Wir verlangen von den Regierungen, sich mit größter Vorsicht in die bizarren Prozesse zu begeben, um zu regulieren, wie die Cloud-basierten Konzerne unsere Kommunikation und unsere koordinierten Interaktionen kanalisieren. Doch manchmal unterwandern Programmierer das, wozu die Unternehmen gezwungen wurden, und führen die Regierungseingriffe ad absurdum. Dieses Muster hat sich beim Urheberrecht gezeigt und auf andere Art bei Themen wie dem Recht auf Vergessenwerden und gewissen Bereichen des Datenschutzes, insbesondere der Privatsphäre von Frauen online. (Die derzeitige Praxis privilegiert anonyme Schikanierer gegenüber den Frauen, die schikaniert werden.)

In jedem Fall wollen viele der kreativsten und gutmütigsten Aktivisten nicht, dass Menschen die Möglichkeit haben, sich gegen die »Offenheit« des Netzes zu wehren. Gleichzeitig aber haben viele digitale Aktivisten eine scheinbar unendliche Toleranz gegenüber der gigantischen Ungleichheit, wer von dem allsehenden Auge profitiert.

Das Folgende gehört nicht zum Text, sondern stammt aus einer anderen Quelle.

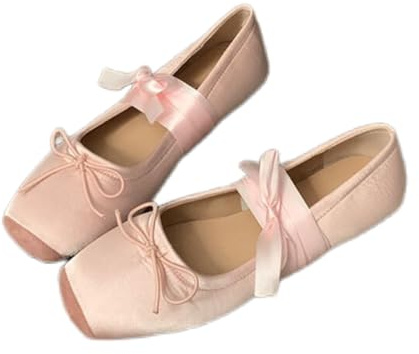 COVOYYAR Women Lace Up Ankle Strap Ballet Flats Shoes Floral Dressy Flats (Pink,7)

Big Data schürt die algorithmische Konzentration von Reichtum. Zuerst ist es in der Musik- und Finanzbranche passiert, doch der Trend greift auf jeden zweiten Schauplatz menschlicher Aktivität über. Algorithmen erzeugen keine Garantien, doch sie zwingen nach und nach die breite Gesellschaft dazu, Risiken zu übernehmen, von denen nur einige wenige profitieren. Dies wiederum führt zu Austerität, rigorosen Sparmaßnahmen seitens der Politik. Da Austerität mit einer Sharing Economy gekoppelt ist (denn Sharing liefert die Daten, mit denen die Maschine läuft), erlebt jeder Einzelne, bis auf die winzige Minderheit ganz oben auf den Rechnerwolken, einen graduellen Verlust von Sicherheit.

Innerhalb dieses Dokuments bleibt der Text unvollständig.